Repeat every record word for word and omit the images.

_AVAILABLE DATA_
--- START ---

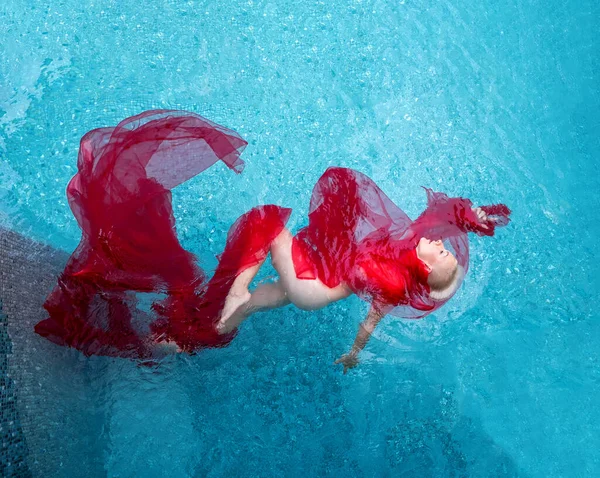 美しいセクシーな若いブロンドの女性へのトップビューは スイミングプールのターコイズブルーの水に包まれた赤い布のドレスで人魚のように浮かんでいます エレガントなエロティックな夢 ウォーターバレエ コピースペース — ストック写真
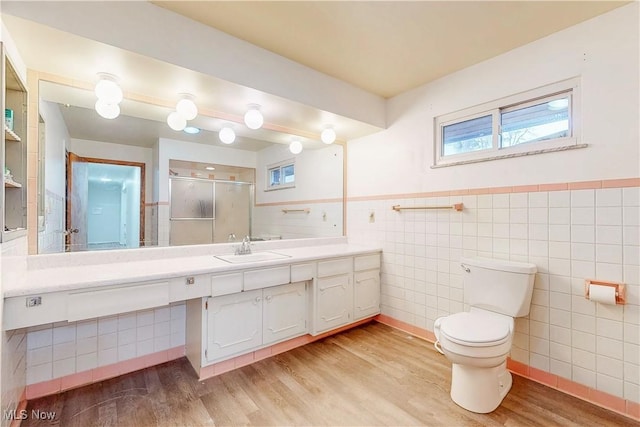 full bath with tile walls, toilet, vanity, a shower stall, and wood finished floors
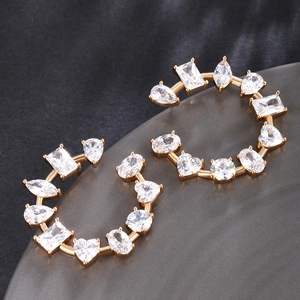 Macro shot of gold earrings with mixed-cut heart and teardrop cubic zirconia stones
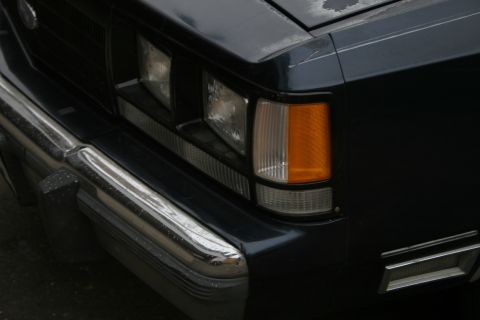 1989 Ford Crown Victoria LTD - Close-up of the front corner of a dark sedan, highlighting the headlight assembly and chrome bumper details.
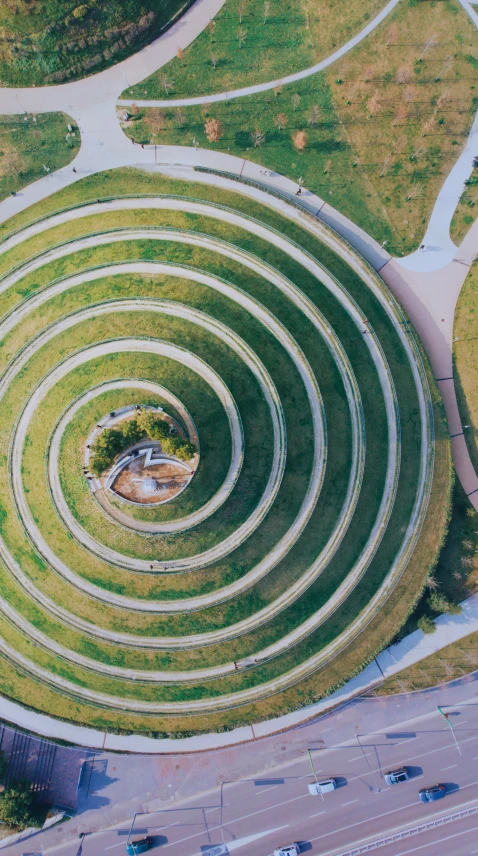 an aerial view of a circular garden design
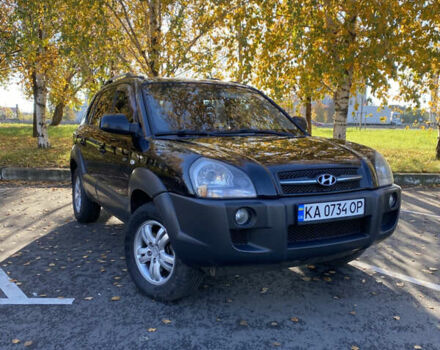 Черный Хендай Туксон, объемом двигателя 1.98 л и пробегом 218 тыс. км за 7200 $, фото 1 на Automoto.ua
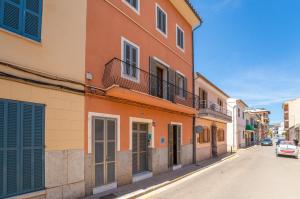 a row of buildings on a city street at Ideal Property Mallorca - Can Peret in Sa Pobla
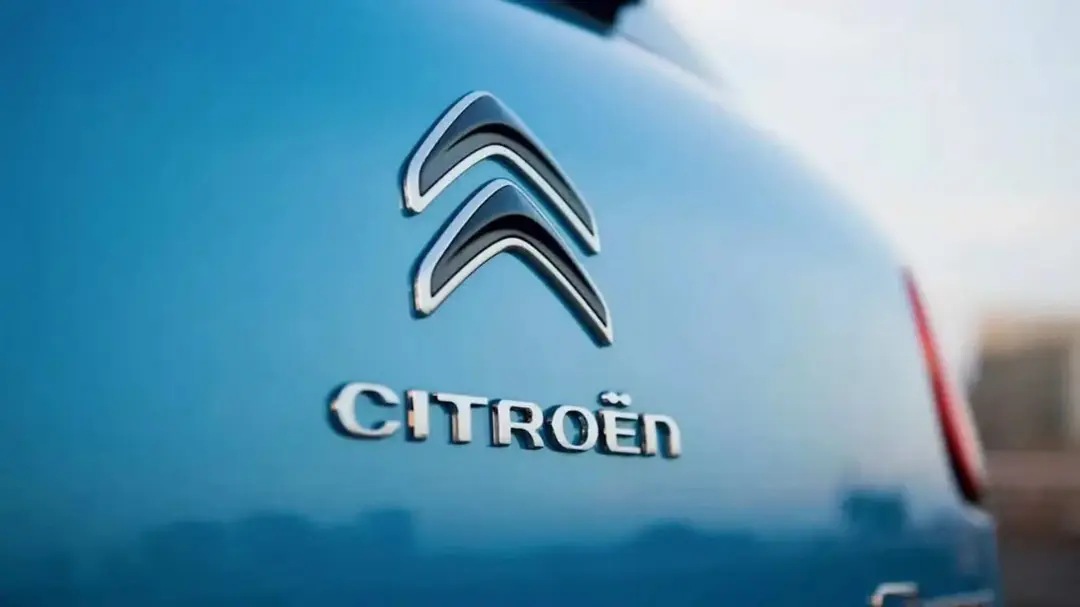 نمای نزدیک از نشان و لوگوی برند سیتروئن (Citroën) روی بدنه آبی خودرو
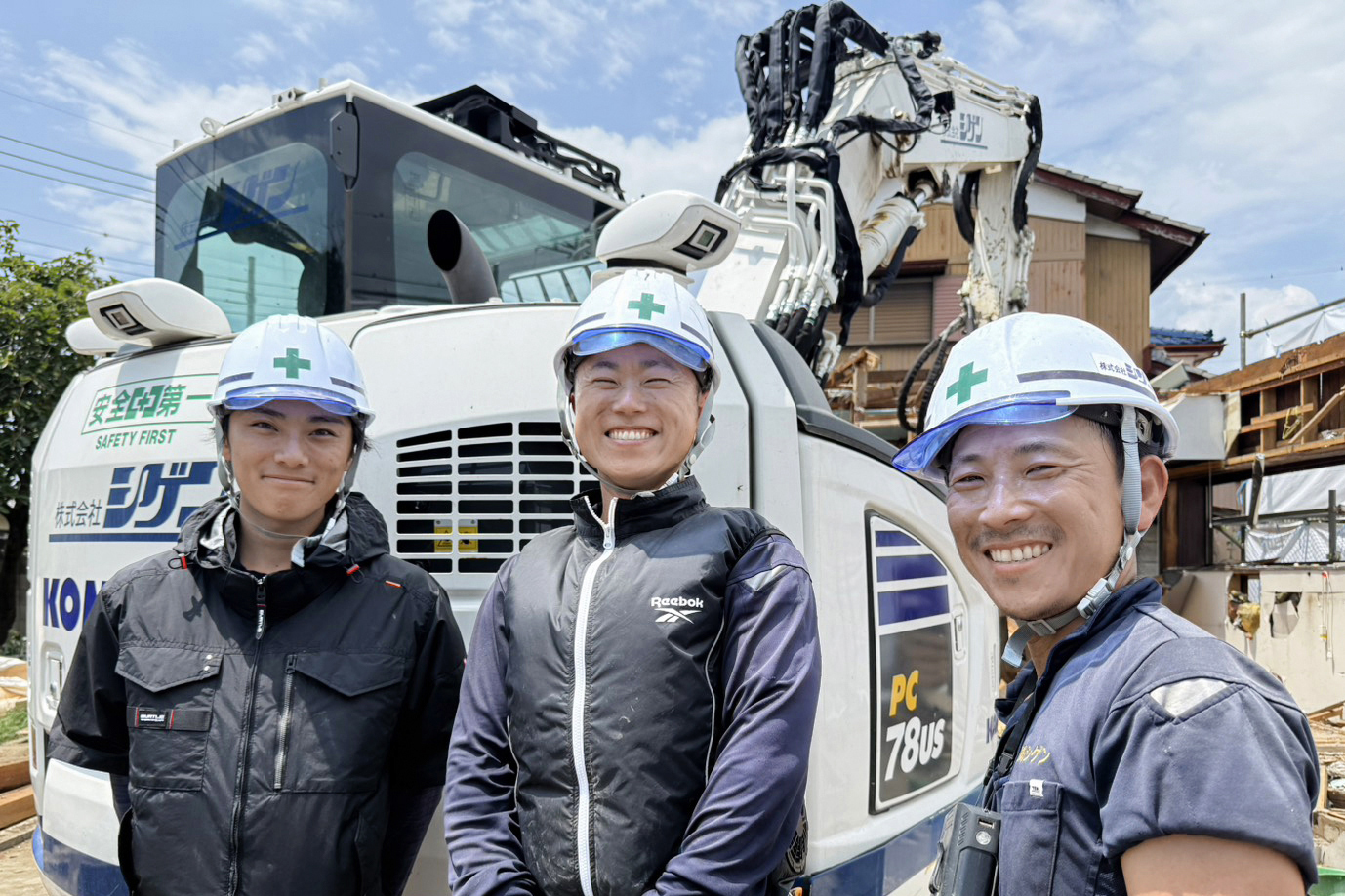 解体現場で肩を組み、笑顔を見せる3人の作業員(仕事のイメージ)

--- END ---

_SOLUTION FOR THIS EXERCISE_
 美しいセクシーな若いブロンドの女性へのトップビューは スイミングプールのターコイズブルーの水に包まれた赤い布のドレスで人魚のように浮かんでいます エレガントなエロティックな夢 ウォーターバレエ コピースペース — ストック写真
 full bath with tile walls, toilet, vanity, a shower stall, and wood finished floors
 Macro shot of gold earrings with mixed-cut heart and teardrop cubic zirconia stones
 1989 Ford Crown Victoria LTD - Close-up of the front corner of a dark sedan, highlighting the headlight assembly and chrome bumper details.
 an aerial view of a circular garden design
 Черный Хендай Туксон, объемом двигателя 1.98 л и пробегом 218 тыс. км за 7200 $, фото 1 на Automoto.ua
 a row of buildings on a city street at Ideal Property Mallorca - Can Peret in Sa Pobla
 نمای نزدیک از نشان و لوگوی برند سیتروئن (Citroën) روی بدنه آبی خودرو
 解体現場で肩を組み、笑顔を見せる3人の作業員(仕事のイメージ)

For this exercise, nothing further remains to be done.